↓
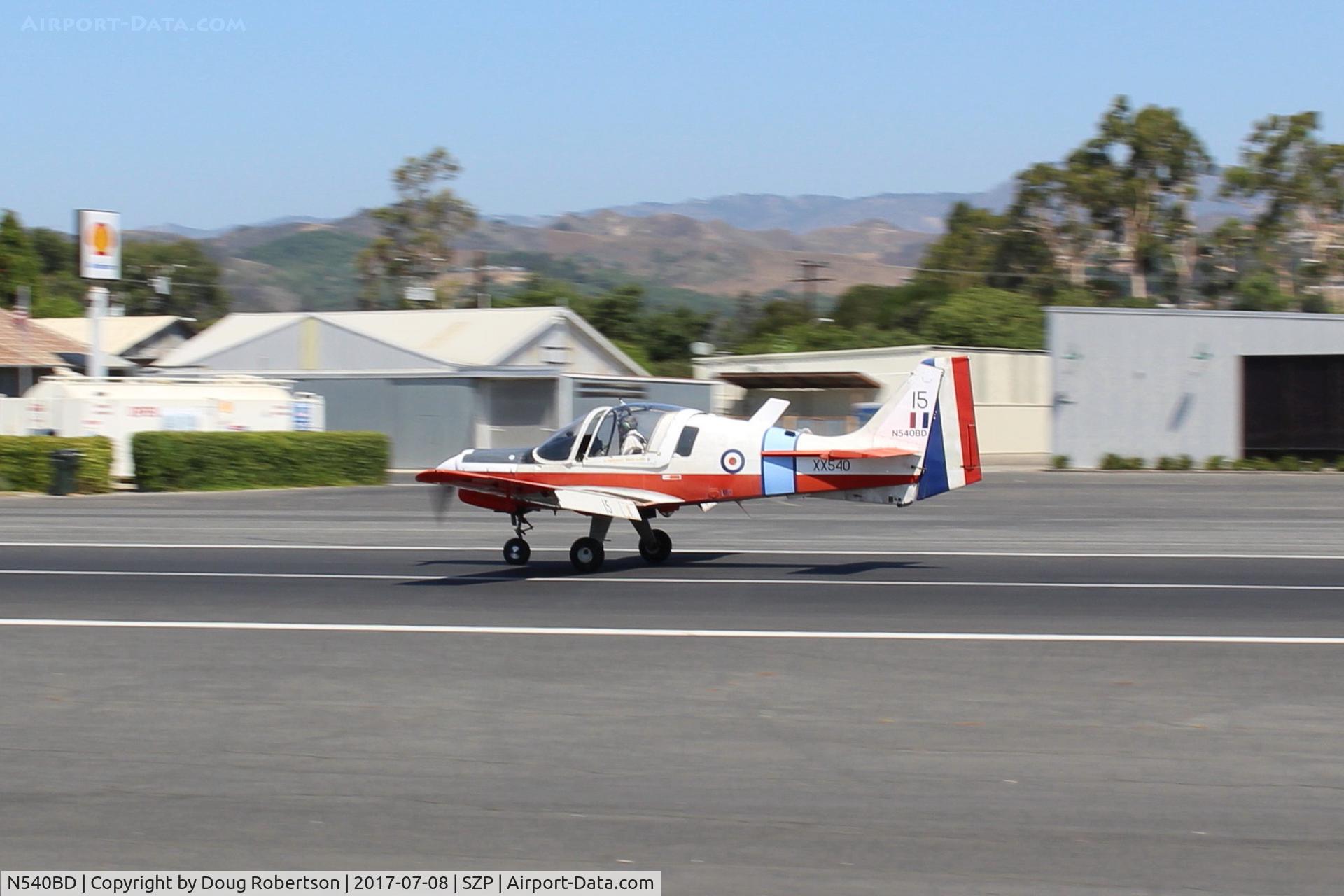 N540BD, 1973 Scottish Aviation Bulldog T.1 C/N BH120/232, 1973 Scottish Aviation BULLDOG Mdl 120/121 military trainer, Lycoming O-540-A1B5D 200 Hp, landing roll Rwy 22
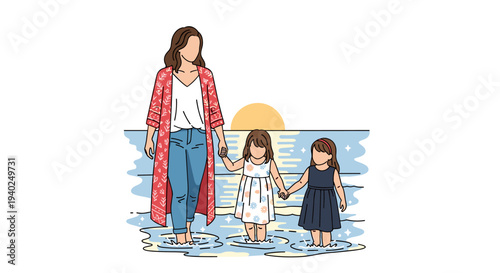 A mother holding hands with two daughters in a serene beach setting, illustrated in a flat modern vector style, perfect for family-themed projects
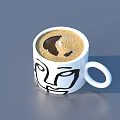 Five White Mugs With Black Face Designs Featuring Various Coffee Drinks 3d model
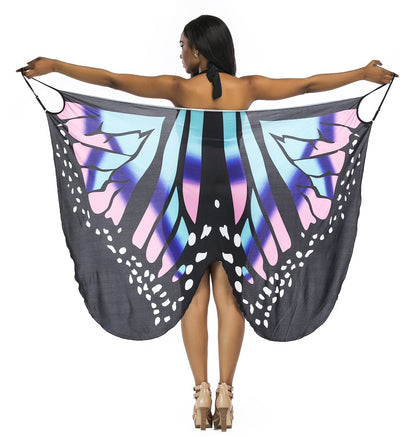 New Sexy Shawl Sling Print Cover Up Dress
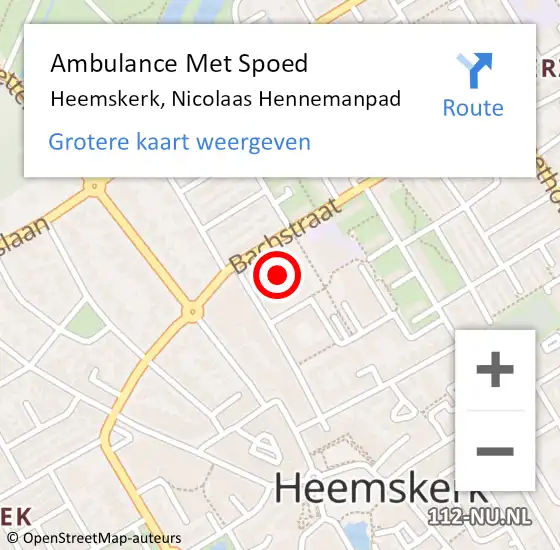 Locatie op kaart van de 112 melding: Ambulance Met Spoed Naar Heemskerk, Nicolaas Hennemanpad op 11 december 2023 09:03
↑
EXERCISE REQUIREMENTS:
Pictures are to be excluded; all other material must be transcribed exactly.

OUTPUT:
 N540BD, 1973 Scottish Aviation Bulldog T.1 C/N BH120/232, 1973 Scottish Aviation BULLDOG Mdl 120/121 military trainer, Lycoming O-540-A1B5D 200 Hp, landing roll Rwy 22
 A mother holding hands with two daughters in a serene beach setting, illustrated in a flat modern vector style, perfect for family-themed projects
 Five White Mugs With Black Face Designs Featuring Various Coffee Drinks 3d model
 New Sexy Shawl Sling Print Cover Up Dress
 Locatie op kaart van de 112 melding: Ambulance Met Spoed Naar Heemskerk, Nicolaas Hennemanpad op 11 december 2023 09:03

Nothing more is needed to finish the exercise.